Идя к школьным воротам, я тихо молилась, чтобы там меня ждала большая черная машина, — но он не приехал.
Не зная, что делать, я отправилась домой.
Узнав, что меня исключили, мама пожала плечами: «А ты чего ожидала?» Пока я придумывала ответ, она начала описывать, какими будут следующие несколько месяцев моей жизни. Передо мной открывались довольно мрачные перспективы.
— Всем будет лучше, если никто не узнает о твоем положении, — пояснила мама перед тем, как изложить новые правила.

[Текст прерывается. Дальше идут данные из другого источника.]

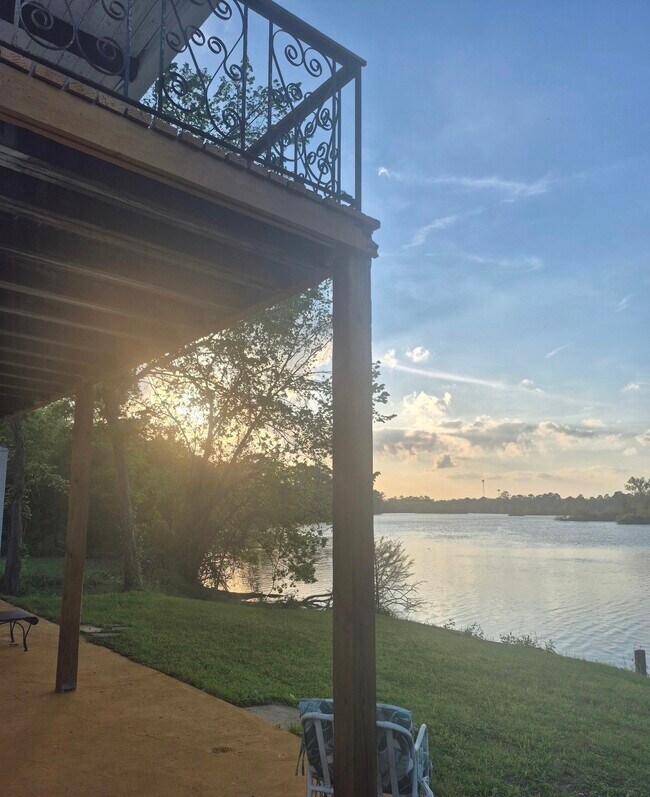 Building Photo - 2503 River Crest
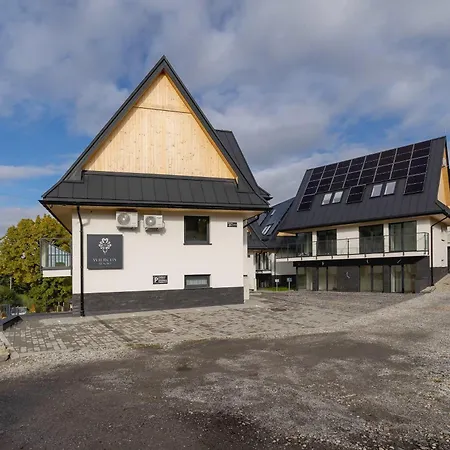 Three Cubs By Renters Prestige Zakopane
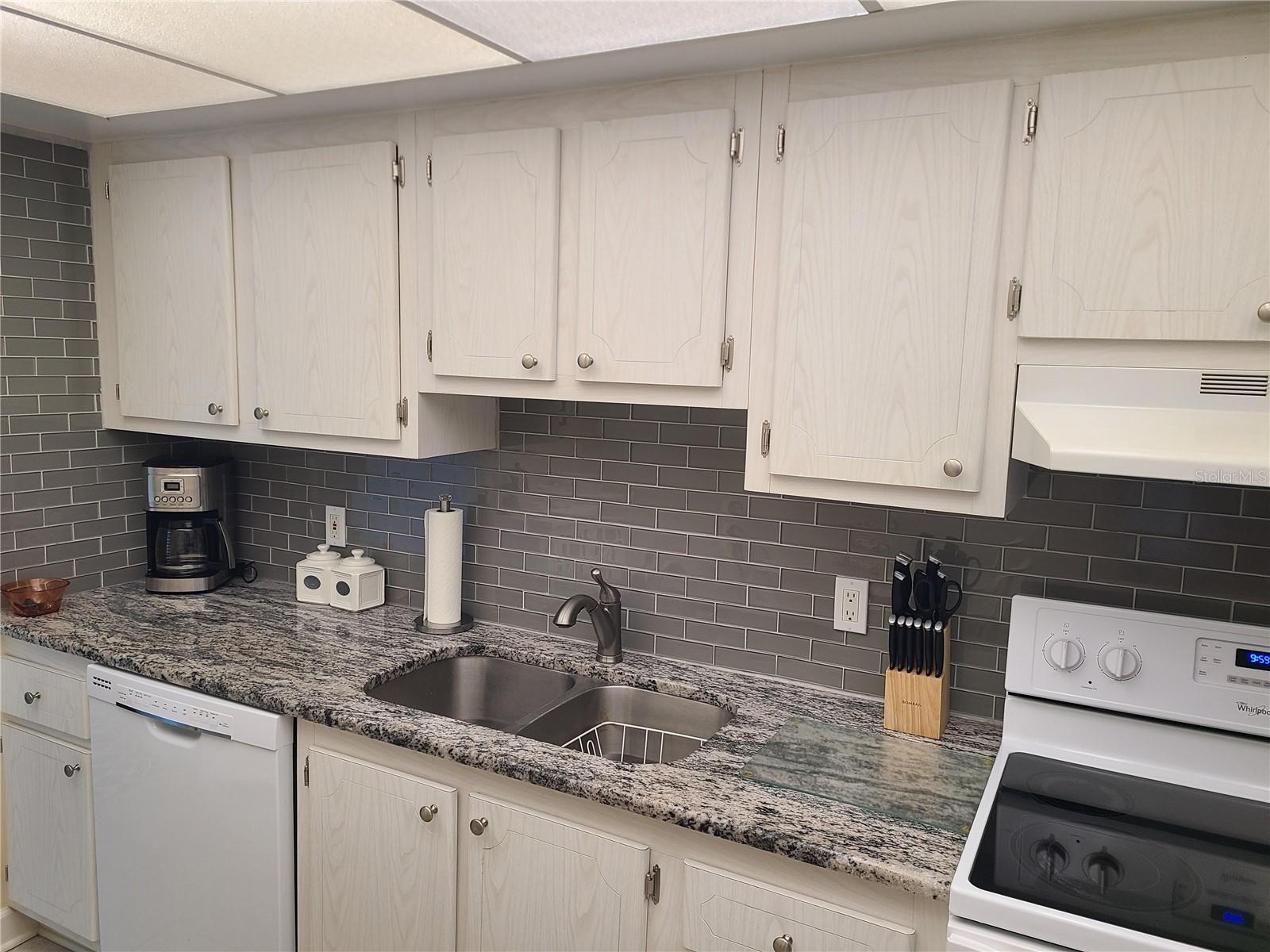 255 DOLPHIN PT #511, CLEARWATER BEACH, FL, 33767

Итак, отныне я могу забыть о прогулках на лугу, у пруда и вообще о том, чтобы выходить за границы нашего участка. Более того, мне не следует появляться в саду перед домом, потому что там меня могут увидеть прохожие. Если мне понадобится подышать свежим воздухом, в моем распоряжении задний двор. Если кто-нибудь, кроме Доры, заглянет к нам в гости, я должна сидеть в комнате до тех пор, пока эти люди не уйдут.
Я с ужасом смотрела на маму, которая равнодушно говорила о том, что я стану фактически узницей в собственном доме. Я пыталась отыскать в ее лице хоть слабый отсвет сочувствия и заботы, и на какой-то миг мне даже показалось, что в маминых глазах мелькнуло что-то, похожее на жалость и понимание, но она быстро отвернулась. Мама смотрела на меня с тем же выражением, что и Дора, когда та пыталась избавиться от ребенка, — с холодной решимостью. Я начинала понимать, что спорить бесполезно — что бы я ни сказала, это ничего не изменит.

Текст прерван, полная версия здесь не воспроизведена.